4.10. More than one variable: multiple linear regression (MLR)¶

We now move to including more than one explanatory \(\mathrm{x}\) variable in the linear model. We will:

introduce some matrix notation for this section

show how the optimization problem is solved to estimate the model parameters

how to interpret the model coefficients

extend our tools from the previous section to analyze the MLR model

use integer (yes/no or on/off) variables in our model.

First some motivating examples:

A relationship exists between \(x_1\) = reactant concentration and \(x_2\) = temperature with respect to \(y\) = reaction rate. We already have a linear model between \(y = b_0 + b_1x_1\), but we want to improve our understanding of the system by learning about the temperature effect, \(x_2\).

We want to predict melt index in our reactor from the reactor temperature, but we know that the feed flow and pressure are also good explanatory variables for melt index. How do these additional variables improve the predictions?
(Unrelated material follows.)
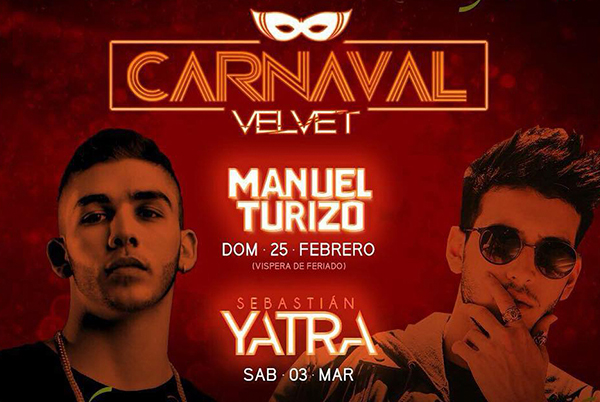 Velvet Carnaval: Yatra y Manuel Turizo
We know that the quality of our plastic product is a function of the mixing time, and also the mixing tank in which the raw materials are blended. How do we incorporate the concept of a mixing tank indicator in our model?
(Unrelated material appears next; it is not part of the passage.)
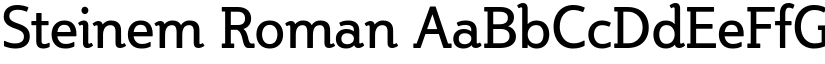 Steinem Roman font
4.10.1. Multiple linear regression: notation¶

To help the discussion below it is useful to omit the least squares model’s intercept term. We do this by first centering the data.
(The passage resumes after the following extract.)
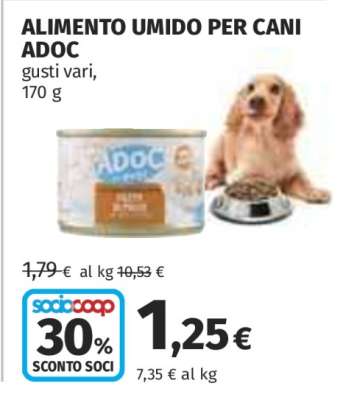 ALIMENTO UMIDO PER CANI ADOC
\[\begin{split}y_i &= b_0 + b_1 x_i \\ \overline{y} &= b_0 + b_1 \overline{x} \\ y_i - \overline{y} &= 0 +b_1(x_i - \overline{x}) \qquad \text{by subtracting the previous lines from each other}\end{split}\]

This indicates that if we fit a model where the \(\mathrm{x}\) and \(\mathrm{y}\) vectors are first mean-centered, i.e. let \(x = x_\text{original} - \text{mean}\left(x_\text{original} \right)\) and \(y = y_\text{original} - \text{mean}\left(y_\text{original} \right)\), then we still estimate the same slope for \(b_1\), but the intercept term is zero. All we gain from this is simplification of the subsequent analysis. Of course, if you need to know what \(b_0\) was, you can use the fact that \(b_0 = \overline{y} - b_1 \overline{x}\). Nothing else changes: the \(R^2, S_E, S_E(b_1)\) and all other model interpretations remain the same. You can easily prove this for yourself.

So in the rest of the this section we will omit the model’s intercept term, since it can always be recovered afterwards.

The general linear model is given by:

\[\begin{split}y_i &= \beta_1 x_1 + \beta_2x_2 + \ldots + \beta_kx_k + \epsilon_i \\ y_i &= [x_1, x_2, \ldots, x_k] \begin{bmatrix} \beta_1 \\ \beta_2 \\ \vdots \\ \beta_k \end{bmatrix} + \epsilon_i \\ y_i &= \underbrace{\mathit{x}^T}_{(1 \times k)} \underbrace{\beta}_{(k \times 1)} + \,\epsilon_i\end{split}\]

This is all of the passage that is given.